We show below our comparison of model diagnostics between ARIMA
and ets
:
# arima accuracy
prediction_arima <- ts(fa %>% forecast(h = test_rows))
forecast::accuracy(as.numeric((prediction_arima$mean)),as.numeric((data_test_ts)))
## ME RMSE MAE MPE MAPE
## Test set -0.3768124 0.4200878 0.3771382 -10.41862 10.42656
# ets accuracy
prediction_ets <- ts(fe %>% forecast(h = test_rows))
forecast::accuracy(as.numeric((prediction_ets$mean)),as.numeric((data_test_ts)))
## ME RMSE MAE MPE MAPE
## Test set -0.3950896 0.4382275 0.3953368 -10.91674 10.92276
Looking at our MAPE on the test set, we see that on average, 10 to 11% of our forecast is is incorrect. Now we’ll look at the residuals.
fa %>% residuals () %>%
ggtsdisplay()
fe %>% residuals () %>%
ggtsdisplay()
The residuals look like white noise, which we see in our ACF & PACF plot that does not have many spikes above the critical boundary. It means that our confidence interval calculations can be reliable.
Additionally, plot the results of our model run below:
ARIMA()
forecast:
# evaluate accuracy of arima
data_train_ts %>%
autoplot(series = "historical") +
autolayer(fa %>% forecast(h = test_rows)) +
labs(title = "ARIMA - Actuals vs Predictions", y = "Oil Price in log")
ets()
forecast:
# evaluate accuracy of ets
data_train_ts %>%
autoplot(series = "historical") +
autolayer(fe %>% forecast(h = test_rows)) +
labs(title = "ETS - Actuals vs Predictions", y = "Oil Price in log")

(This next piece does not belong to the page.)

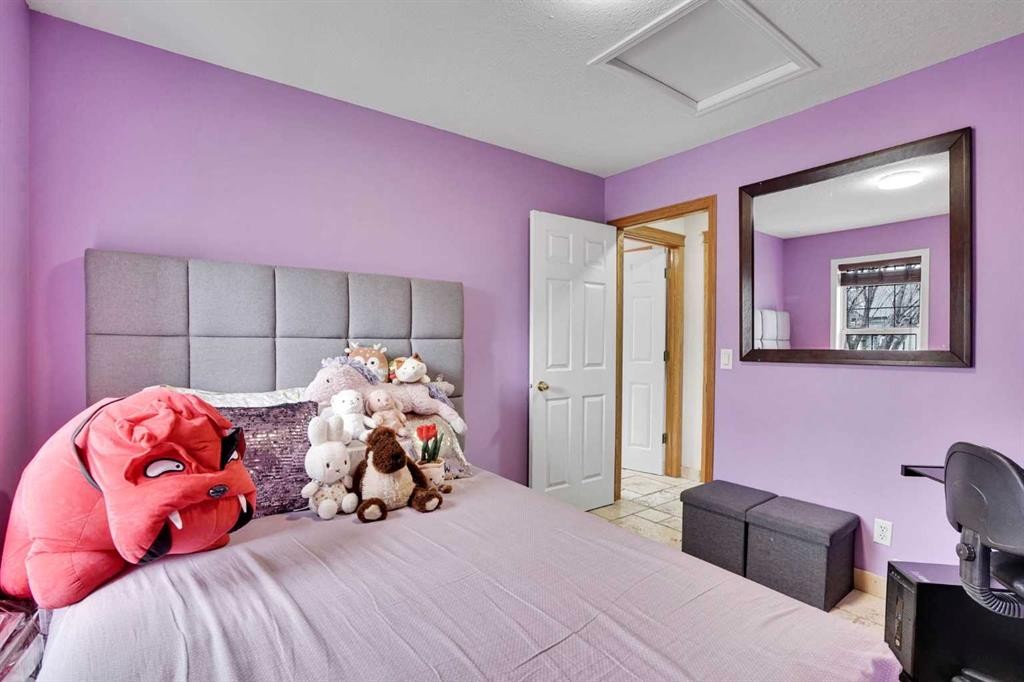 4 Martin Crossing Bay Ne, Calgary, AB - Indoor Photo Showing Bedroom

Both ARIMA and ETS perform equally but ARIMA performs a little better than ETS. So use ARIMA model as the optimal model and fit the model with entire dataset, then apply the prediction.
The forecasts for oil prices over the next 10 days are:
# fit the entire data
final_fit <- data_new_ts %>% Arima(order = c(1, 1, 1))
# prediction for next 10 days
predictions <- ts(final_fit %>% forecast(h = 10))
# create data frame
df <- as.data.frame(predictions$mean)
# add date
df$Date <- as.Date(c(1:10), origin = "2019-02-25")
# rename column name
names(df) <- c('OILPRICE', "Date")
# move last column to first
df <- df %>% select("Date", everything())
# view data
df
## Date OILPRICE
## 1 2019-02-26 3.609921
## 2 2019-02-27 3.608357
## 3 2019-02-28 3.608878
## 4 2019-03-01 3.608705
## 5 2019-03-02 3.608762
## 6 2019-03-03 3.608743
## 7 2019-03-04 3.608750
## 8 2019-03-05 3.608747
## 9 2019-03-06 3.608748
## 10 2019-03-07 3.608748
The above analysis found that oil is hard to predict, due to the absence of seasonality, trend, cyclicity makes it difficult to forecast accurately. There are other models such as SLT, Neural nets, non-linear time series may show better result. Nevertheless and due to the complicated cost dynamics of oil, even the best models can have very large errors in predicting the real price of oil in the future, particularly when it is forecasting for longer stretches of time.